I think it is a strange thing to be sitting here, watching all this happen and everyone being aware that it is happening, knowing why it is happening and doing nothing about it. I suspect we started circling the drain a good many years ago and did not realize it. Probably some time during the first Clinton administration, maybe even Bush I. But now we realize it and it probably isn't really too late to fix it, or at least start fixing it.

But we've become so soft, greedy and short sighted that we won't. I think ANWAR is the perfect example. Regardless of how you feel about drilling there, or regardless of how much it would actually help, one of the main political arguments about not doing it had less to do with polar bears and penguins than the fact that it will take ten years to get any production from it. Well guess what, that was 10 years ago folks. Again, I'm not making a case for drilling there, I'm just pointing how how short sighted we are. If a measure can't fix things (and line someone's pockets) right now, then we don't do it. Or if it looks like it is going to cause some short term pain to achieve long term benefit, then we don't have the guts to do it.
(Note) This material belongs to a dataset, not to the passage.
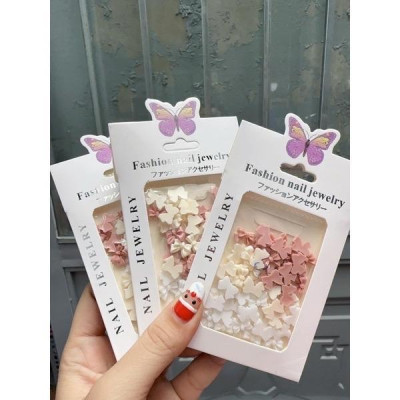 Charm Nơ Nhựa Mix Màu Làm Nail, Chất Liệu Nhựa Cao Cấp, Set Trang Trí Móng Nhiều Màu Sắc Tươi Sáng Dành Cho Thợ Làm Nail Nữ Women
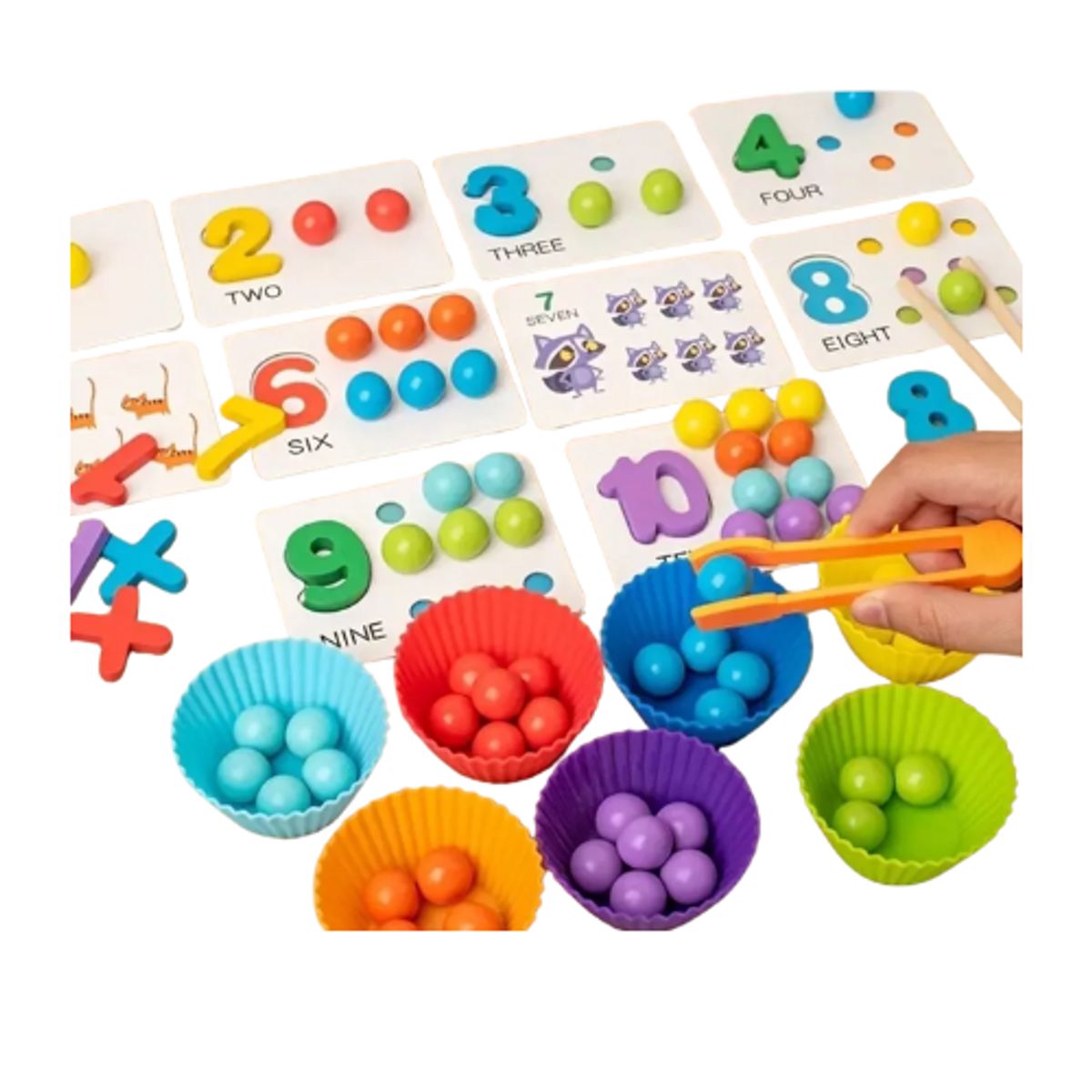 GENERICO - Combo Montessori Educativo 3 en 1 – Matemáticas, Lógica y Lectura Bilingüe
Make no mistake about it, this is not an accidental decline. This is not like the weather. All of this has been man made and precisely orchestrated. I'm not saying any one group or party is trying to push us into a depression. What I'm saying is that there have been plenty of smart and thoughtful people who have been telling us all along, for the last 10 or 20 years (and in some cases 50) that we have been hoeing down the wrong row. Its like telling a child that if he keeps on eating the candy he's going to get a stomach ache. And as a nation, we're behaving just like you'd expect Augustus Gloop to act.

Augustus Gloop - Wikipedia, the free encyclopedia

In the original story Gloop falls into the river of chocolate and is sucked into a huge tube. The trauma of being sucked through the tube changes him from short and fat to tall and thin.

And that's what's going to happen to us. Many people ask why bad things happen. Sometimes troubles and hardships are what make us better and stronger. I hope we come out the other side of this better than we are. I think we will. But its going to hurt a little.

For starters its going to take some leadership we can get behind as a nation. I don't think we've had an inspiring leader since Reagan. In fact, I bet its safe to say that in the last 20 years our presidents have been elected more because people were voting against their opponent than for them. And that's a sad state of affairs.
 
   / Depression #10  
I think the "new culture" of our country is the biggest culprit. The "keeping up with the Jones' " gave us the housing crisis. Most expect an instant solution/gratification for everything. Were fine with the war till it got tough and long. Don't want Gov't involvement in their lives till they feel a little pinch in their wallet or lifestyle or a disatster of their own making - then it's up to the Gov't to bail 'em out. Makes me nuts. Expect they are "owed" something simply because they exist.

Ethanol is a non starter IMHO - will never produce enough cost effectively. Even if it does, and some conservation kicks, all it does it prolong the problem. Need alternative energy, and only way it will ever happen is to run out of oil or price it so that new forms become more cost effective.

I dread a depression - but sometimes wonder if it is simply the economy trying to reset itself. The global impact scares me though.